Three things for you this fine day. The first two are reviews, and the third is a YouTube clip from one of my old places of employment: BYU's library. (Take Old Spice Towel guy, add some clothes, then stir in a healthy dose of "Why You Need to Use a Library," and you get the picture.) On to the reviews:
The Yiddish Policemen's Union by Michael Chabon
My rating: 4 of 5 stars
I enjoyed this book, although it was (frankly) a much longer read than I would have liked. What if the state of Israel had never been formed, and the Jews ended up in Alaska, instead? There's your basic premise--add to that a murder mystery, a healthy dose of literary style and some fantasy elements, and you've got the book. The world is excellently drawn and presented, and the mystery aspect of the plot was well-handled. I think if I were more into literary fantasy, I would have given the book five stars. As it is, it's probably just a case of "not completely right for me." Recommended for others, though--obviously.
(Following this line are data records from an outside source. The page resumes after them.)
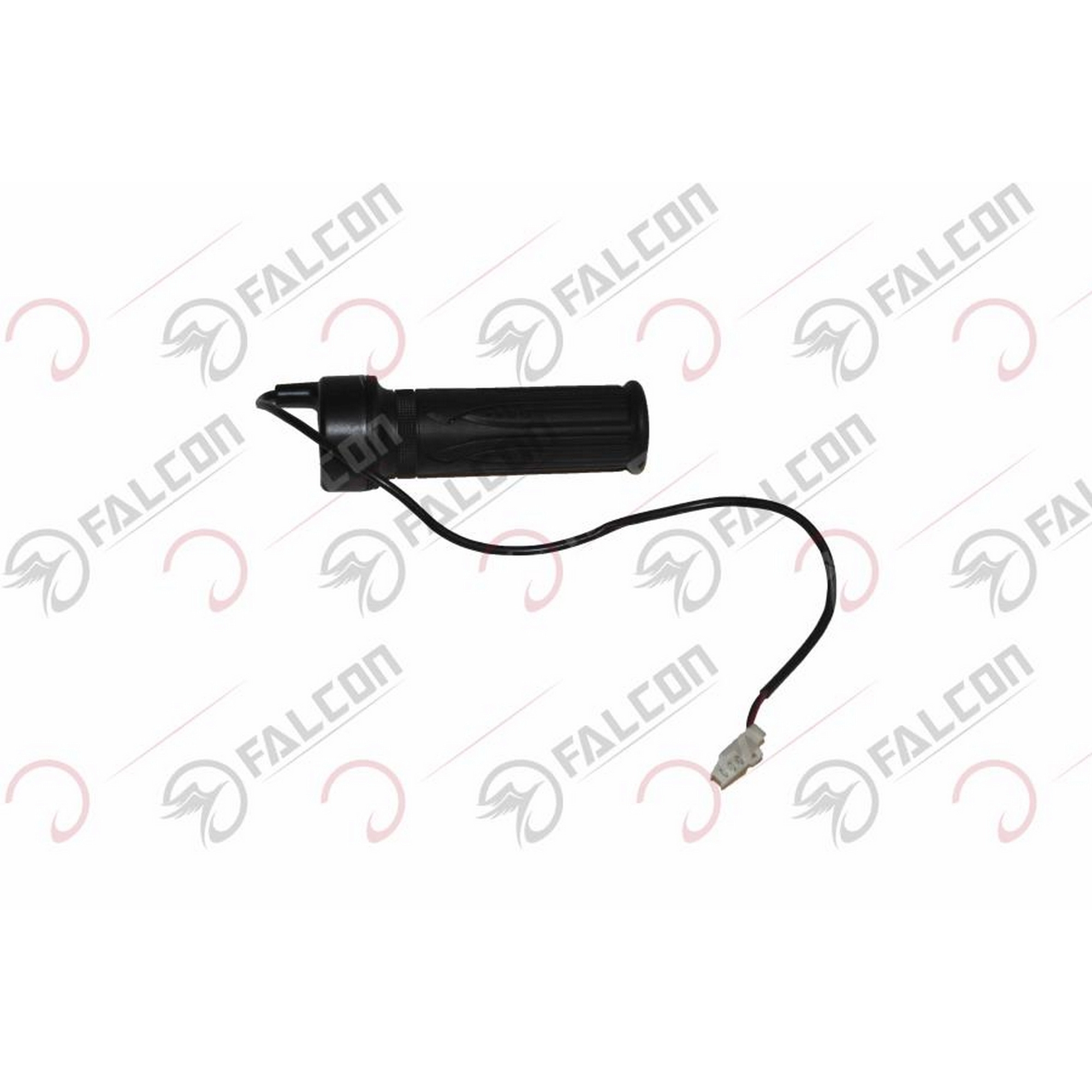 FALCON VITA 3500 ELCİK SAĞ GAZ BORUSU #VITA-08-03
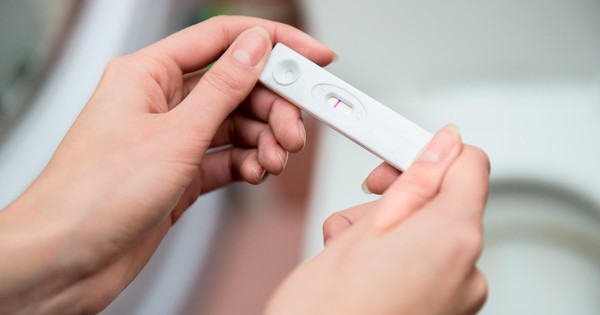 Có những biện pháp nào khác để tránh thai khẩn cấp mà không có nguy cơ gây vô sinh?
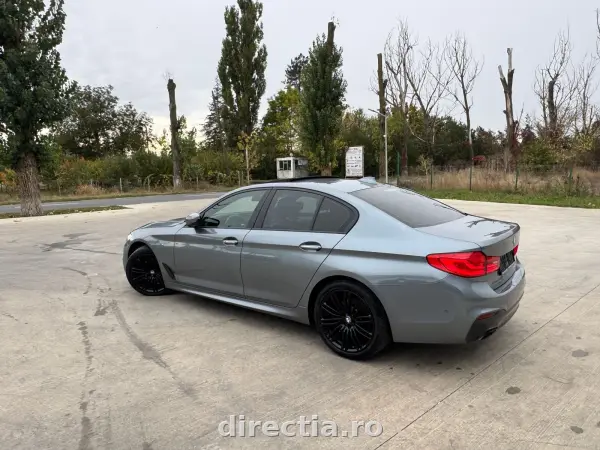 Poza anunț 4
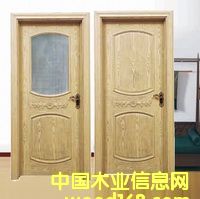 �c���鿴�W�ϱ���Ԕ��(x��)�Y��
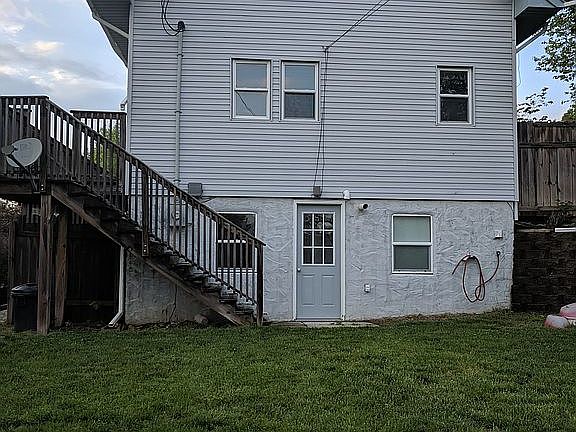 5th image of 811 Avenue E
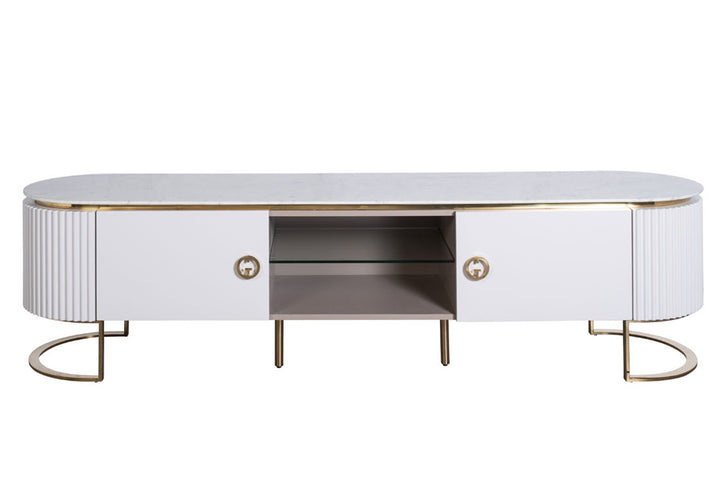MUEBLE DE TV LUCIANO GD 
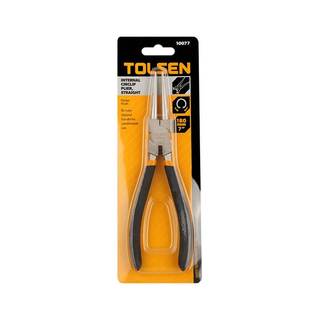 Kìm phe thẳng ra Tolsen 10077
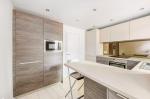 Additional Photo of Westview Close, Hanwell, London, W7 3DZ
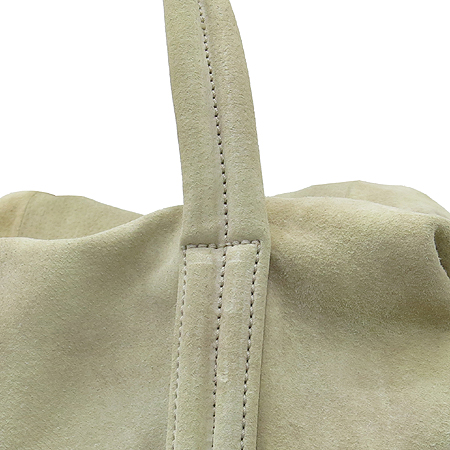 MARTIN MARGIELA (��ƾ ����������) MOD 35 W010 �����̵� ������ ¤�� 2WAY �̹���4 - ���̺��� �߰���ǰ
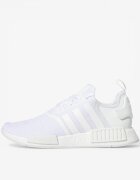 adidas Nomad_R1 Shoes White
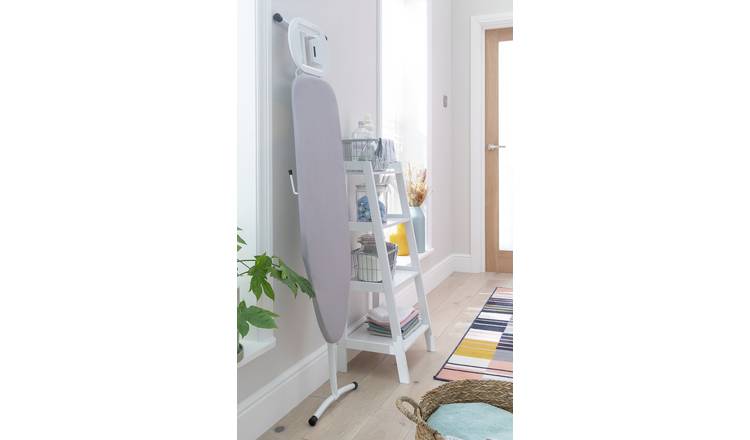 Argos childrens ironing shop board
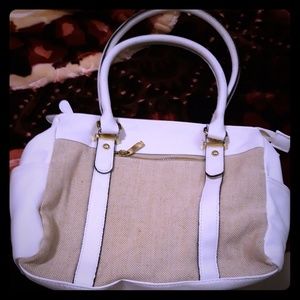 Womens large handbag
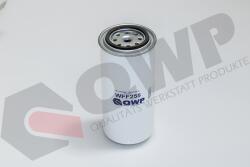 QWP filtru combustibil QWP WFF255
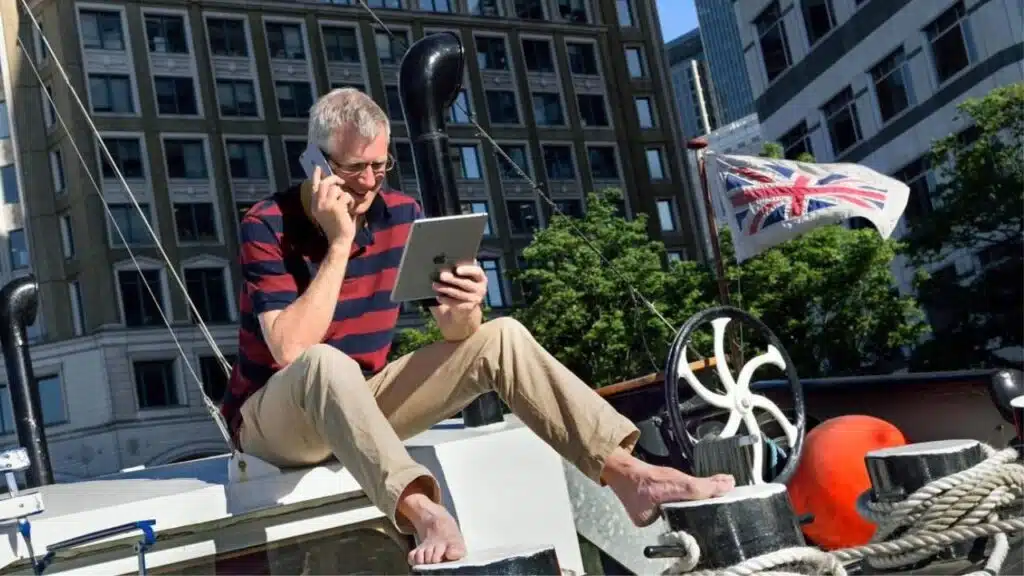 Apple New Accessibility Features Eye Control iphone ipad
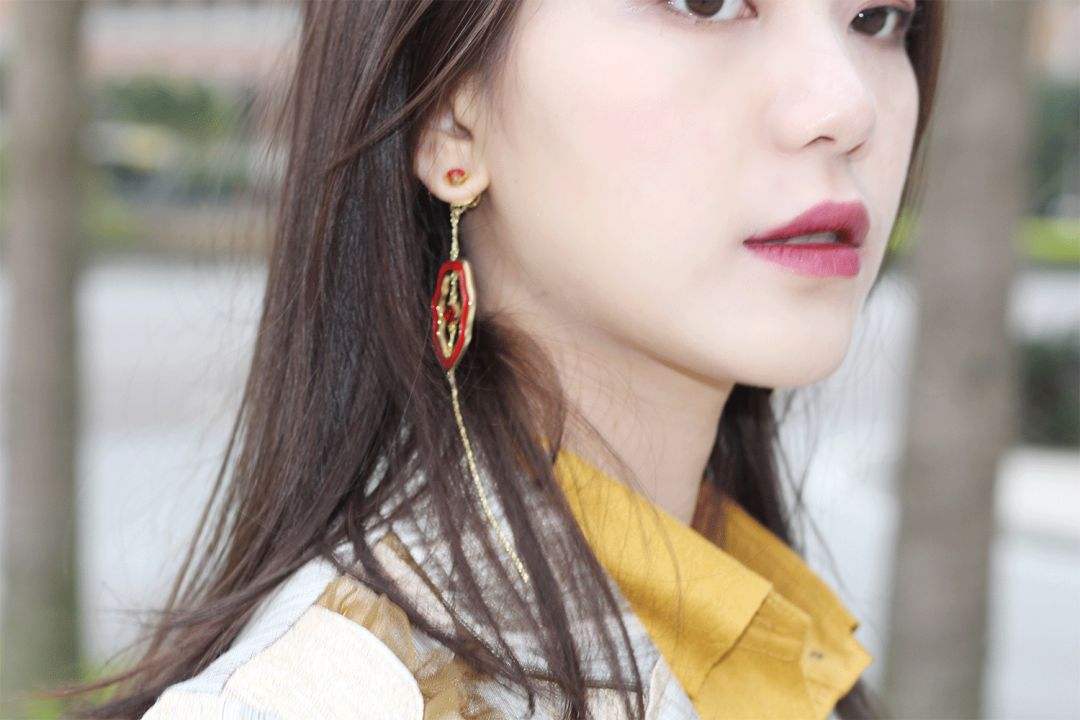 一点都不输大牌的国货品牌,安利超便宜好物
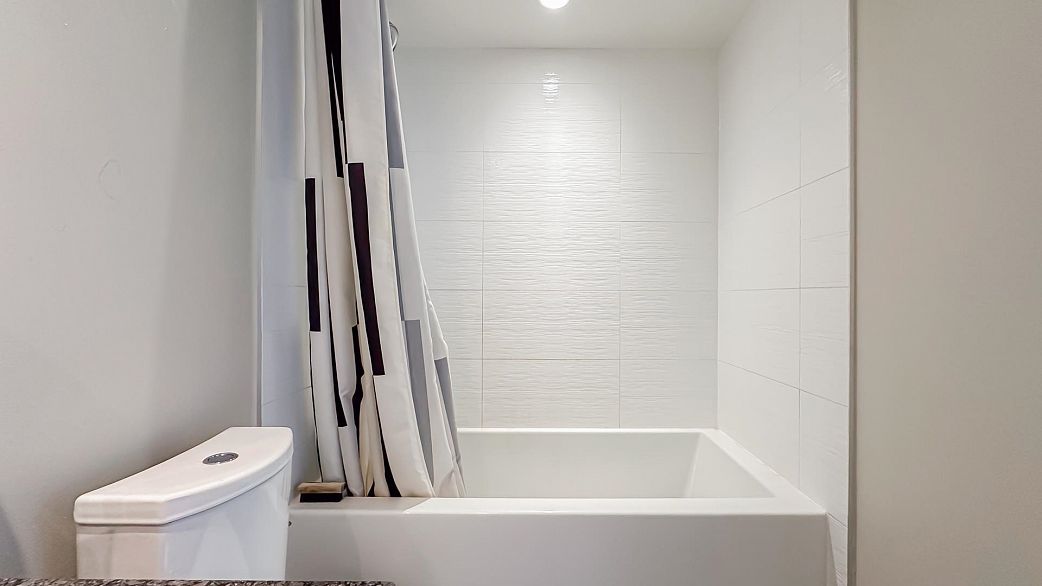 3608 488 SW Marine Drive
World War Z: An Oral History of the Zombie War by Max Brooks
My rating: 5 of 5 stars
What would the world be like if a zombie plague actually broke out on a global scale? Brooks answers this question in a novel that's essentially a collection of first hand accounts--a style that reminded me of Bram Stoker's Dracula in many ways. It's not for the faint of heart--very much an R-rated book, so to speak, but I for one would love to see it turned into a film. It had a District 9 sort of a flair to it that I haven't seen done in zombie-lit before. So often, zombie stories focus on the individual--how does one person or a small group of people cope with the chaos? Brooks went the other way, showing how the world could and would cope with it. If you're at all a horror or zombie fan, you should check this one out. Really fantastic.
View all my reviews
And now, on to the YouTube clip.
I was hesitant at first to watch it, thinking it would be a lame parody of the clever ads. But there isn't anything lame about it, in my opinion. Full of Win. I have to say I really enjoyed the two or three years I worked in the library there. (My department was periodicals--it's where he ends up when he gets out of the elevator.) BYU makes a lot of effort to keep its students involved in the library (as you can tell from the video production values).
What do you think? Am I just biased because I used to work there?